"And its smoke rose like the smoke of a lime kiln" (Exodus 19:18) — this is how the Torah describes Mount Sinai when God descended upon it. But the Mekhilta immediately senses a problem with this comparison. If we read "lime kiln" on its own, we might conclude that Sinai's smoke was merely equivalent to the smoke of a kiln — impressive, perhaps, but finite and imaginable. A lime kiln produces a lot of smoke, but it is still a human-scale phenomenon.

To correct this misimpression, the Mekhilta points to (Deuteronomy 5:20): "and the mountain burned in fire." This verse reveals the true scale of what happened. The entire mountain was engulfed in fire — not kiln-level fire, but fire that consumed a peak from base to summit. The smoke of Sinai was not comparable to any earthly furnace. It was beyond all natural measure.

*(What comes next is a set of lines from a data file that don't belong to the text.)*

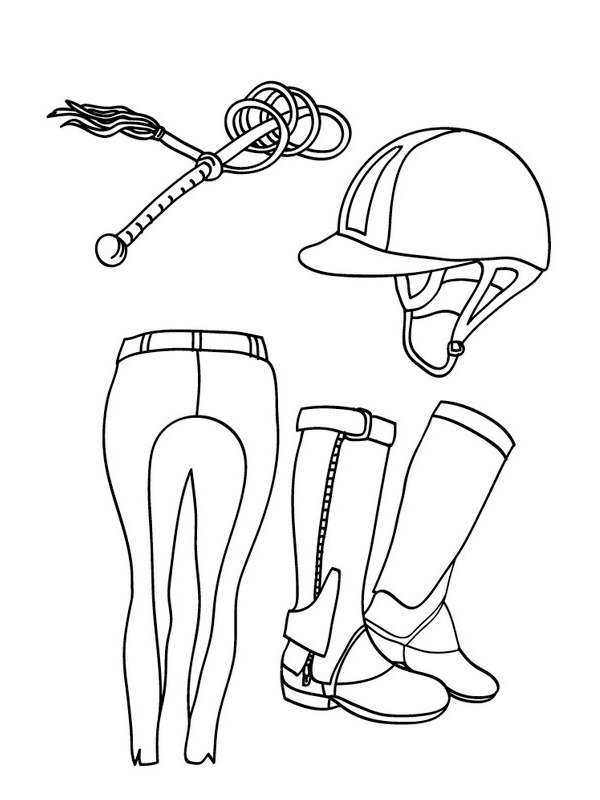 Horse riding equipment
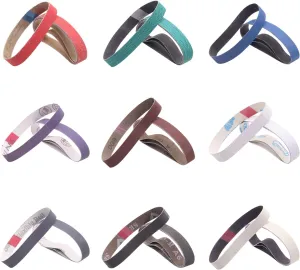 36 Pack 3/4" x 12" Knife Sharpener Belts Replacement for Work Sharp Knife & Tool Sharpener Ken Onion Edition (WSKTS-KO), 80/120/240/400/600/800/1000/2500/5000 Grit Knife Sharpening Sanding Belts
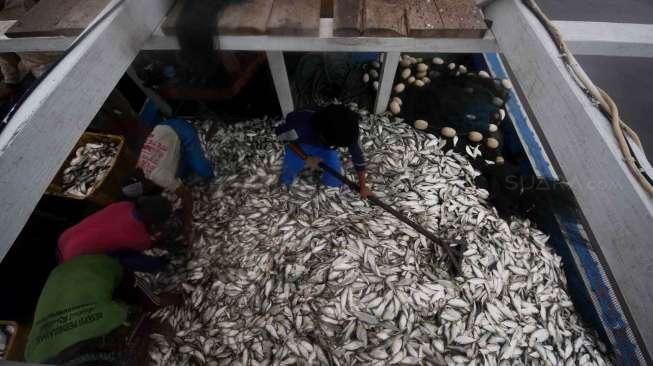 Suasana Pasar Ikan di Muara Angke, Jakarta, Jumat (5/8). [Suara.com/Oke Atmaja]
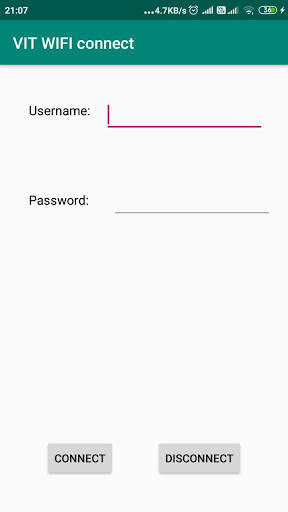 VIT WIFI connect screenshot 1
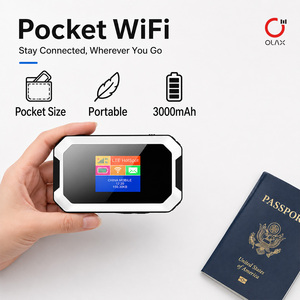 Olax MT80 Mobile 4G LTE WiFi Wifi6ซิมการ์ดแบบพกพา3000มิลลิแอมป์พกพา WiFi ea/us รุ่น CAT4สำหรับการเดินทางกลางแจ้งความเร็วสูง - Product Image 5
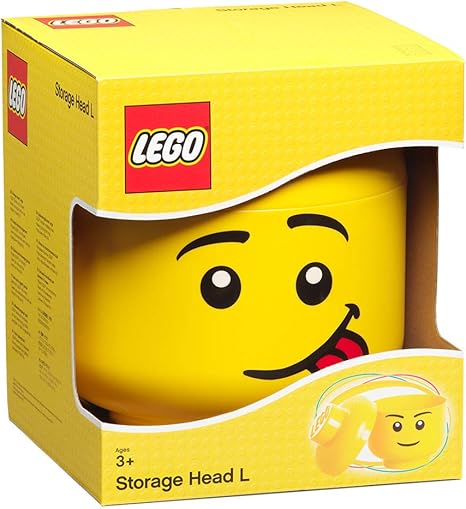 LEGO Large 9 x 10 Inch Plastic Storage Head | Silly: Amazon.es: Juguetes y juegos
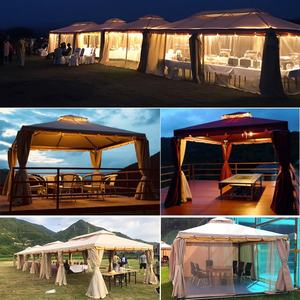 Tente de <span class=keywords><strong>terrasse</strong></span> multifonctionnelle en alliage d'aluminium Nouvelle structure d'une chambre à coucher résistante au vent pour la cour extérieure pour l'été - Product Image 6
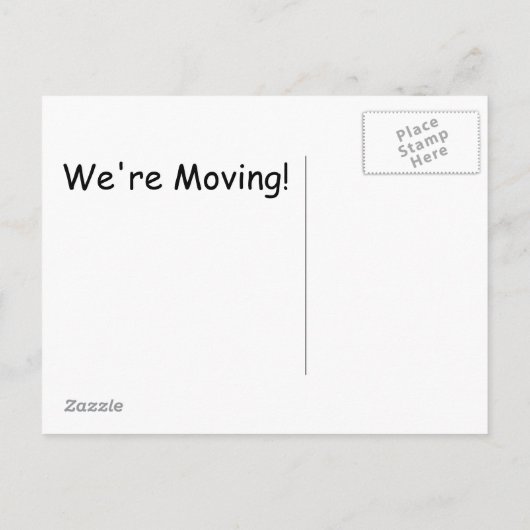 Yorkie New Address Aankondigingskaart (Achterkant)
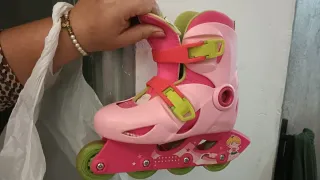 Patines ajustables Talla 30-32 Rosa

So why did the Torah use the lime kiln comparison at all? The Mekhilta's answer introduces a profound principle about how Scripture communicates: to "help" the ear by what it is accustomed to hearing. Human beings cannot process the infinite directly. The mind needs a reference point, something familiar to anchor the incomprehensible.

A lime kiln was the most dramatic source of smoke that an ancient Israelite would have personally witnessed. The Torah took the most extreme image available in everyday experience and used it as a starting point — not as a ceiling but as a floor. The smoke was like a kiln, and then far beyond it. Scripture meets the human mind where it is, offering a bridge from the known to the unknowable. The comparison does not limit God's fire. It gives the human imagination a place to begin.